Книга: Донор [сборник]
Назад: Глава 9
Дальше: Глава 11

Глава 10

Костя проснулся от какого-то монотонного звука. Было похоже на постоянный разговор нескольких человек в одном помещении. Они не перекрикивали друг друга, не понижали голос — все было в одной тональности. Костя почему-то вспомнил о пытках водой. Холодная вода капля за каплей падала на темя несчастному. В результате чего он мог сойти с ума. Голоса откуда-то с первого этажа сейчас были подобны этой ледяной воде, только падали они нескончаемым размеренным потоком. Костя попытался уснуть, думая, что это всего лишь сон или, может, даже гул с улицы. Не вышло — мозг не принимал подобные объяснения, не успокаивался.
Костя снова открыл глаза. Посмотрел на Наташу — она спала, повернувшись к нему спиной. Приподнялся на локтях и посмотрел на дверь. И только сейчас заметил, что находится в полнейшей тишине. Когда этот гул стих? Это и было подтверждением того, что он спал и разговор нескольких десятков человек ему все-таки приснился.
Костя сел на кровати, свесил ноги и снова прислушался. Нет. В этом доме не спится только ему и его фантазиям. Шлепанцев, как всегда, на месте не было. Неудивительно, по крайней мере для него. Костя бывал ошарашен, когда эти шлепанцы были у него на ногах. Наверняка ноги замерзали, и он рефлекторно совал их в тепло. Тапки он не любил с детства. И жарко ему в них было, и тесно. Сейчас он почему-то чувствовал острую необходимость в шлепанцах. Как будто ему предстояло идти по бетонному полу, усыпанному битым стеклом. Костя мог разуться и у лестницы на первом этаже, и у спальни, а скорее всего, он разулся в ванной, перед тем как принять душ, а потом просто вышел, позабыв о них.
Костя нехотя встал на ворсистый коврик у кровати, наслаждаясь его теплом. Он не мог понять, почему замерзли именно ноги. Странно, но, вынув ноги из-под одеяла, Костя почувствовал разницу температур. Будто вышел из промышленного морозильника в комнату с центральным отоплением. До этого его волновали только голоса, сейчас в тишине он вспомнил и о холоде.
Ноги на удивление быстро отогрелись, и он шагнул к двери.
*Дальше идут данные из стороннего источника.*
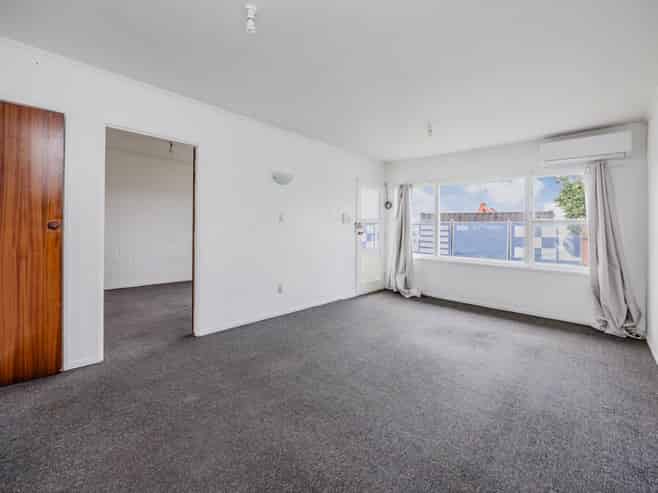 3/151B Princes Street East, Otahuhu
Голоса снова загудели. Теперь говорили человека два-три, но почему-то одновременно. Костя подошел к лестнице и выглянул на первый этаж. Светлый прямоугольник лежал на сером полу холла. В кухне кто-то был. И говорил. Теперь голоса не казались зловещими или сюрреалистическими. Теперь просто мужчина что-то рассказывал, а женщина поддакивала и посмеивалась, когда того требовал рассказ. Единственный мужчина, который мог сейчас говорить на кухне, последний раз это делал год назад.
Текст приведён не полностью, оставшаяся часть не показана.